Segment Start: Data for this task

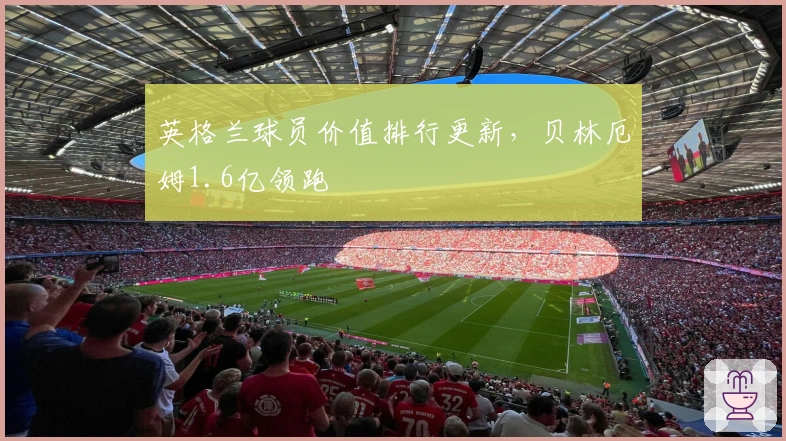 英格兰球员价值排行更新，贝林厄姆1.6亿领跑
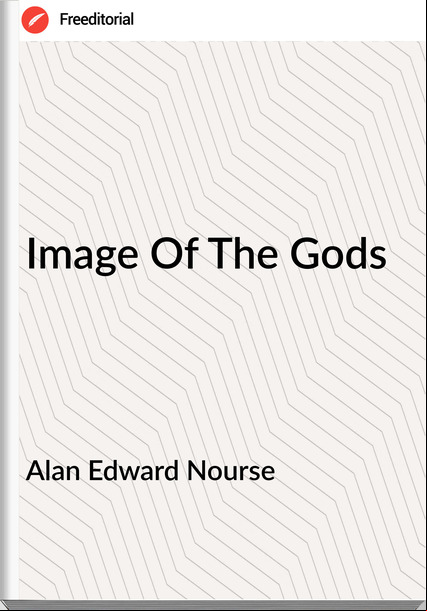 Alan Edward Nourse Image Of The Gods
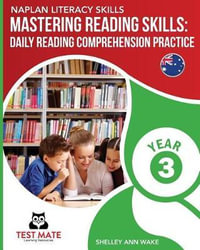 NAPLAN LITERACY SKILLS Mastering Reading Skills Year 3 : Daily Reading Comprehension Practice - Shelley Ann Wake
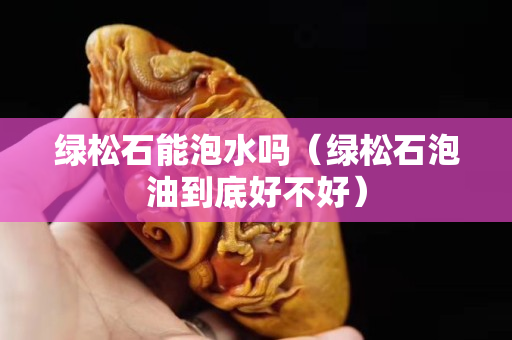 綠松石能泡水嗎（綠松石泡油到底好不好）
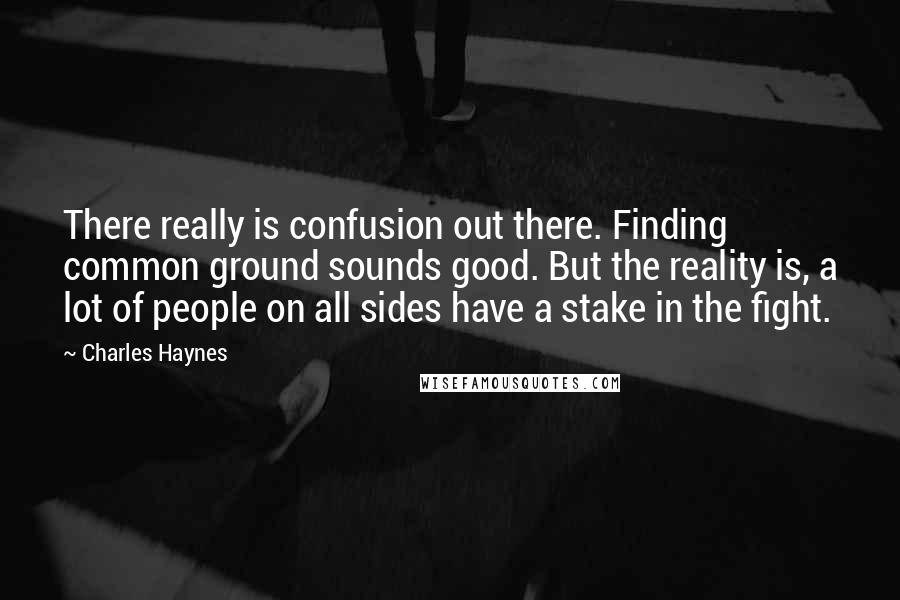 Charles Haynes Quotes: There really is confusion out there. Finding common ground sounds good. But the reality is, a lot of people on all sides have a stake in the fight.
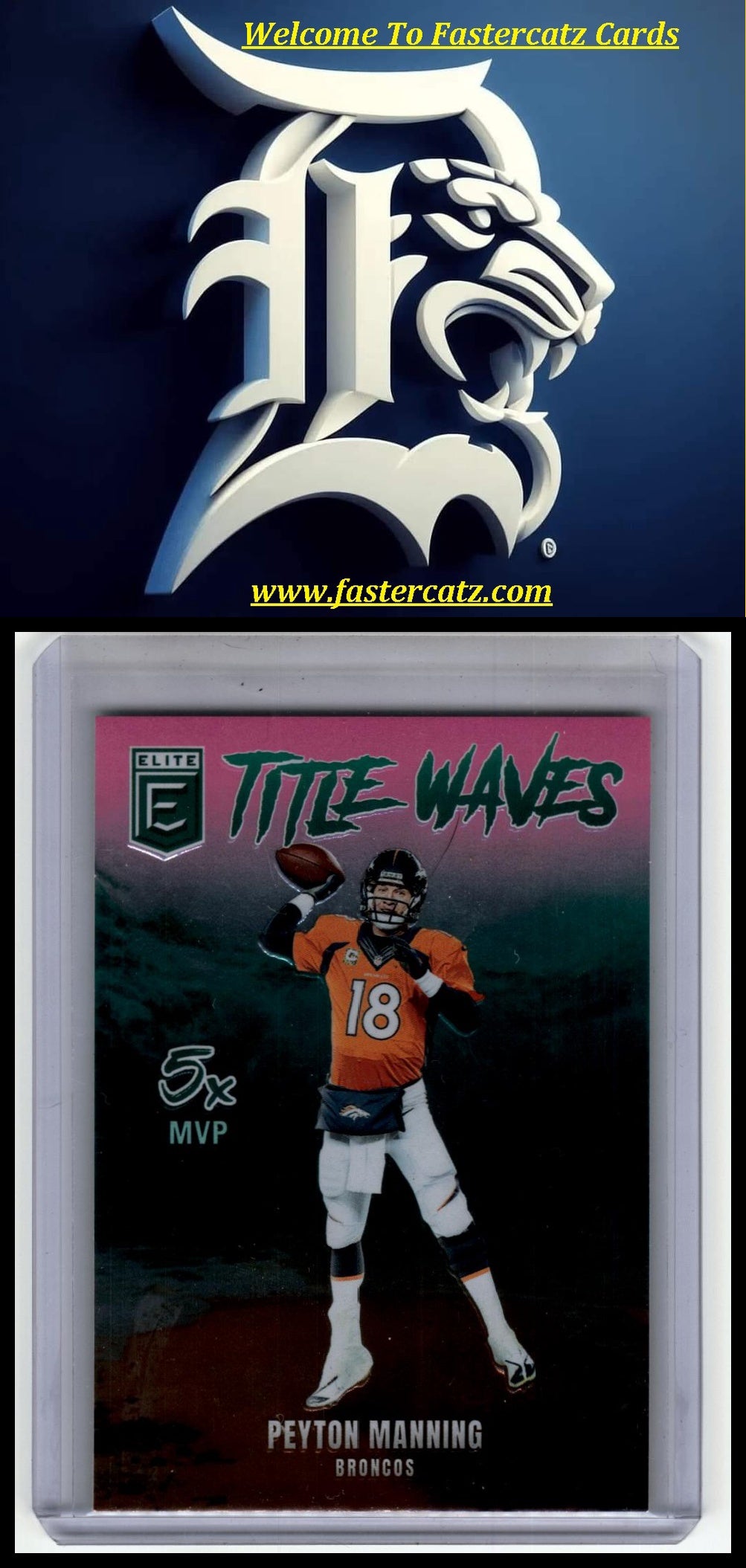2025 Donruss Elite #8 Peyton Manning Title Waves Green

Segment End: Data for this task

Assignment: Without including any picture, restate every entry above exactly.

Response to this task:
 英格兰球员价值排行更新，贝林厄姆1.6亿领跑
 Alan Edward Nourse Image Of The Gods
 NAPLAN LITERACY SKILLS Mastering Reading Skills Year 3 : Daily Reading Comprehension Practice - Shelley Ann Wake
 綠松石能泡水嗎（綠松石泡油到底好不好）
 Charles Haynes Quotes: There really is confusion out there. Finding common ground sounds good. But the reality is, a lot of people on all sides have a stake in the fight.
2025 Donruss Elite #8 Peyton Manning Title Waves Green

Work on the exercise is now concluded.